Mara tak dapat menemukan jejak mereka yang memiliki sila,
yang hidup tanpa kelengahan,
dan yang telah terbebas melalui Pengetahuan Sempurna.

Kisah Garahadinna

Seperti dari tumpukan sampah yang dibuang di tepi jalan,
tumbuh bunga teratai yang berbau harum dan menyenangkan hati.

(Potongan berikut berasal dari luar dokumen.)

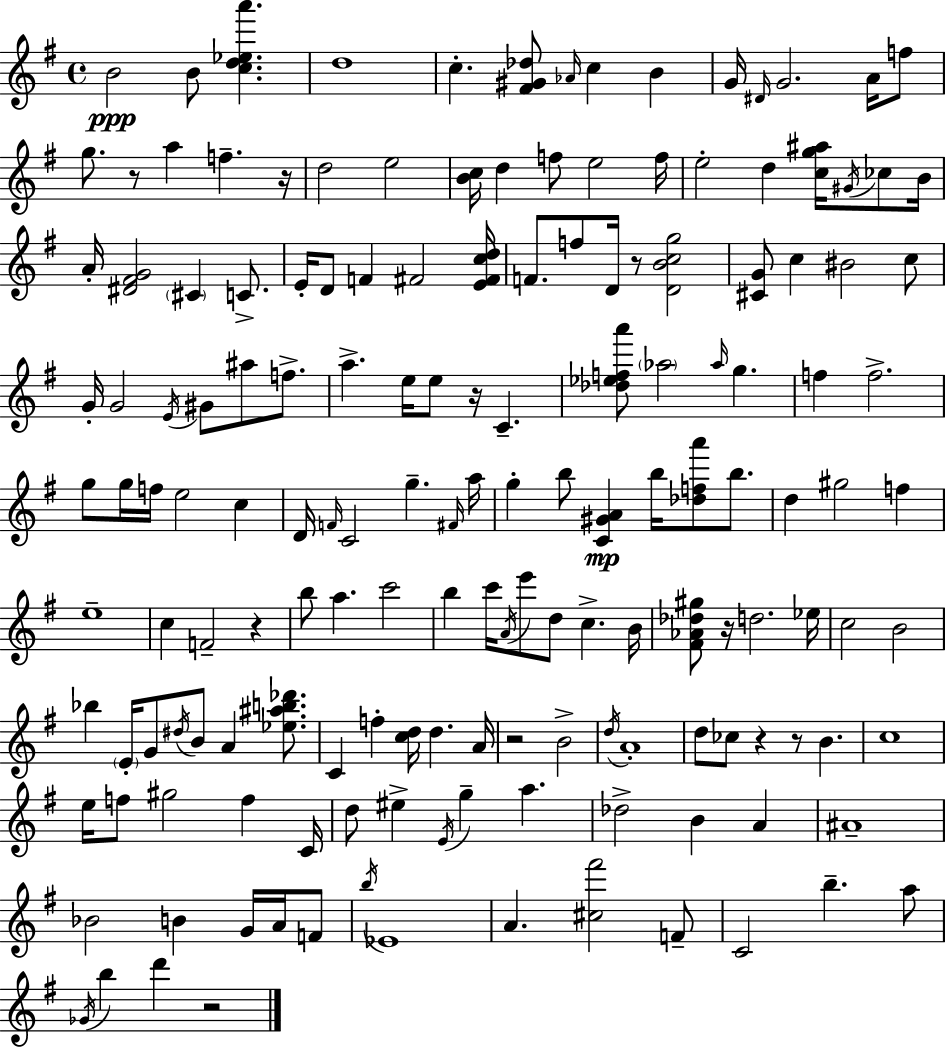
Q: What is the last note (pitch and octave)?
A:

Begitu juga di antara orang duniawi, siswa Sang Buddha Yang Maha Sempurna, bersinar menerangi dunia yang gelap ini dengan kebijaksanaannya.
Dhammapada Atthakatha :
Kisah Garahadinna
Ada dua orang sahabat bernama Sirigutta dan Garahadinna tinggal di Savatthi. Sirigutta adalah seorang pengikut Buddha dan Garahadinna adalah pengikut Nigantha, pertapa yang memusuhi Sang Buddha.

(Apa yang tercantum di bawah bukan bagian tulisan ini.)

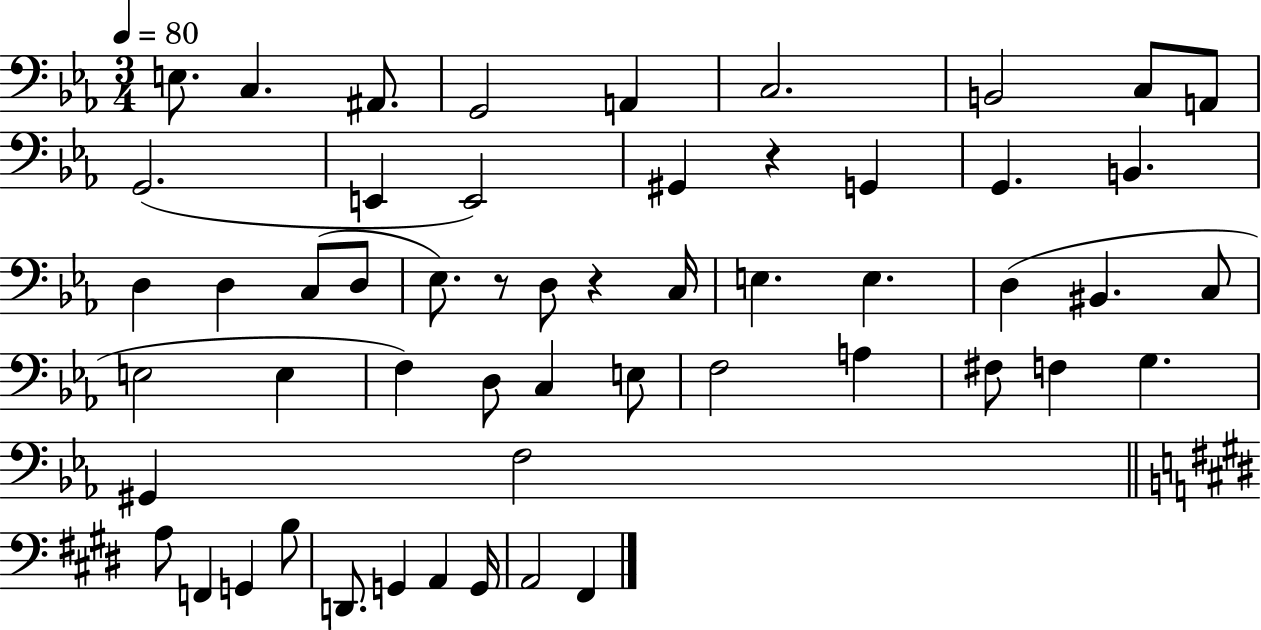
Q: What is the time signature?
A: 3/4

Dalam hal berkaitan dengan Nigantha, Garahadinna seringkali berkata kepada Sirigutta, “Apa manfaat yang kamu dapatkan menjadi pengikut Buddha? Kemarilah, jadilah pengikut guruku.” Setelah berulang kali dibujuk, Sirigutta berkata kapada Garahadinna, “Katakan padaku, apa yang diketahui oleh gurumu?” Garahadinna mengatakan bahwa gurunya dapat mengetahui segalanya. Dengan kekuatannya, dia dapat mengetahui masa lampau, saat ini, dan masa depan dan juga dapat membaca pikiran orang lain. Maka, Sirigutta mengundang Nigantha untuk datang ke rumahnya untuk menerima dana makanan.Sirigutta ingin mengetahui kebenaran tentang Nigantha, apakah mereka benar-benar memiliki kekuatan untuk mengetahui pikiran seseorang, masa lampau, sekarang dan masa depan seseorang.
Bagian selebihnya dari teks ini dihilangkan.